1.4. Capacité d'accueil des enfants de moins de trois ans

1.4.2. Disparités territoriales d'accueil des enfants de moins de trois ans

En 2019, la capacité théorique des modes d’accueil formels est de 59,8 places pour 100 enfants de moins de trois ans en France entière (hors Mayotte) et de 60,7 places en métropole. Au sein des DROM (hors Mayotte et COM), la capacité d’accueil est moins importante : elle se situe en moyenne à 30,5 places pour 100 enfants de moins de trois ans. Pour l’ensemble du territoire, c’est 0,5 point de plus qu’en 2018.
Selon le département (hors COM), cette capacité d’accueil se situe entre 10,7 (Guyane) et 87,6 places (Haute-Loire) pour 100 enfants de moins de trois ans (cf. carte 1). Sur le territoire métropolitain, les départements de Bretagne et des Pays de la Loire maintiennent des capacités théoriques d’accueil supérieures à 75 places. En Île-de-France, Paris et les Hauts-de-Seine bénéficient des capacités les plus élevées avec respectivement 72,3 places et 70,6 places pour 100 enfants de moins de trois ans alors que dans cette même région, les deux départements les moins bien couverts, le Val-d’Oise et la Seine-Saint-Denis, affichent des taux bien inférieurs (respectivement 41,2 et 31,3).
Le département de Seine-Saint-Denis est le département métropolitain affichant le taux de couverture le plus bas (31,3 %). On trouve ensuite la collectivité de Corse et la majorité des départements du pourtour méditerranéen avec des taux de couverture inférieurs à 51 places pour 100 enfants.

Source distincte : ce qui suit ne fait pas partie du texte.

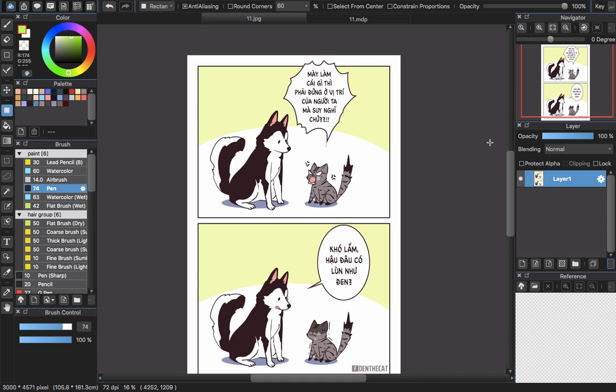Hello everyone and welcome back to the CRGTI channel. Today I will make another small tutorial about MediBang Paint Pro for PC version. This one is not for the mobile version.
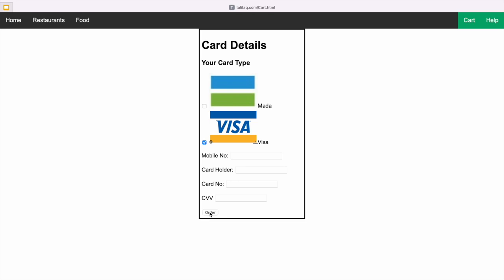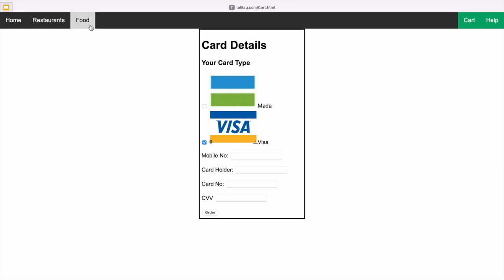I made this with HTML and CSS. This is just 50% of my work and I am still completing it. After that I will show you guys the completed website. If you want to see this website, just go to talithak.com — the spelling is T-A-L-I-T-A-Q dot com.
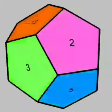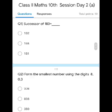Question one: successor of 183. What number comes after 183? It's 184, so click the second option. Question two: form the smallest number using the digits 8, 0, and 3. As we know, we will start with 3, so 308 is our answer, as we will not write 0 at the extreme left.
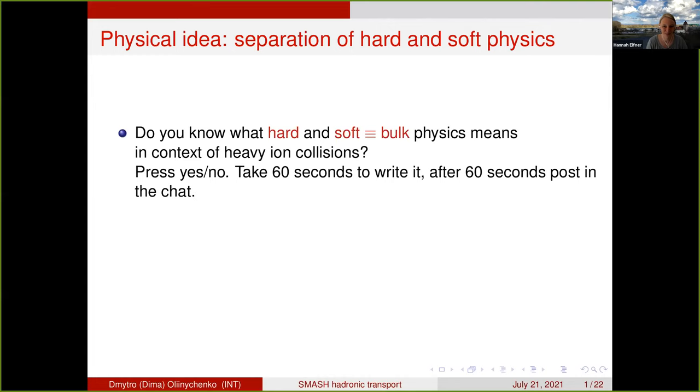My Zoom crashed — very impressive. But now I'm back. Nobody even noticed, right? Actually, we did notice — I was just about to write you a message.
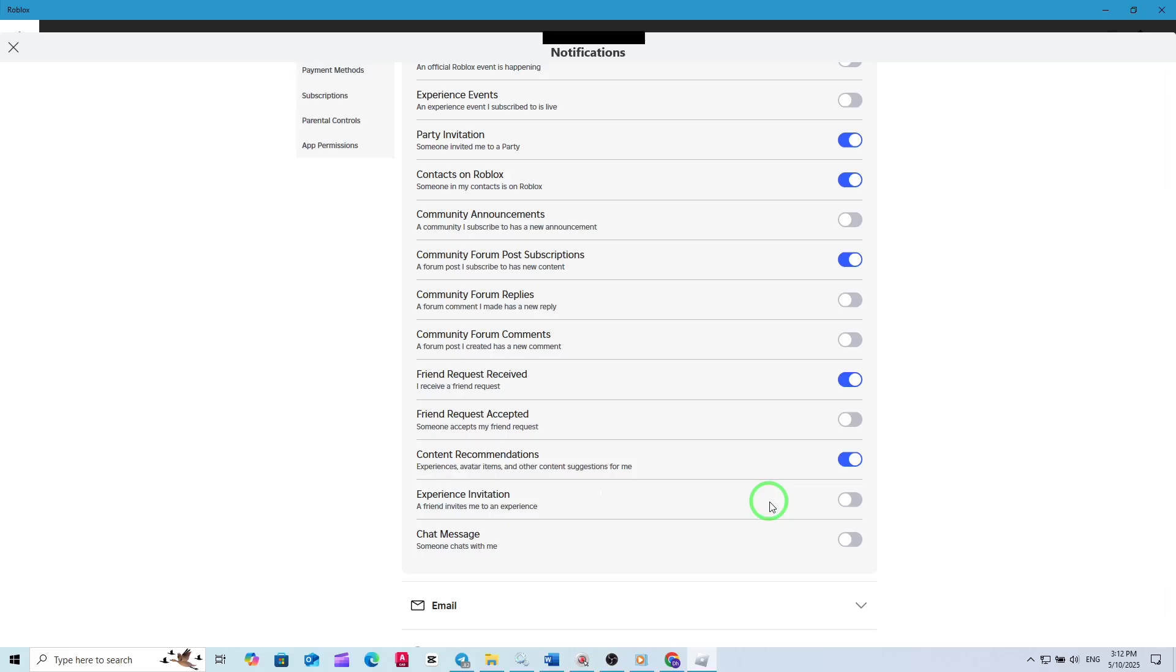That's it. With just a few clicks, you've silenced those Experience Invitations notifications. You can always revisit these settings if you want to re-enable them in the future or adjust other notification preferences. Enjoy a more peaceful Roblox session, free from unwanted interruptions.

Selon les départements, la complémentarité des différents types d’offre est plus ou moins importante. Ainsi, des départements peu couverts par les établissements d’accueil du jeune enfant (EAJE) peuvent avoir un taux de couverture global élevé (comme ceux du Grand Ouest notamment) du fait d’une offre en accueil individuel par les assistant(e)s maternel(le)s supérieure à la moyenne nationale. En revanche, des départements relativement bien couverts en EAJE, avec plus de 25 places pour 100 enfants (comme le Val-de-Marne, les Alpes-Maritimes, la Martinique ou les Bouches-du-Rhône), peuvent correspondre à des départements dont le taux de couverture global moyen est relativement faible (compris entre 48 et 55 places pour 100 enfants).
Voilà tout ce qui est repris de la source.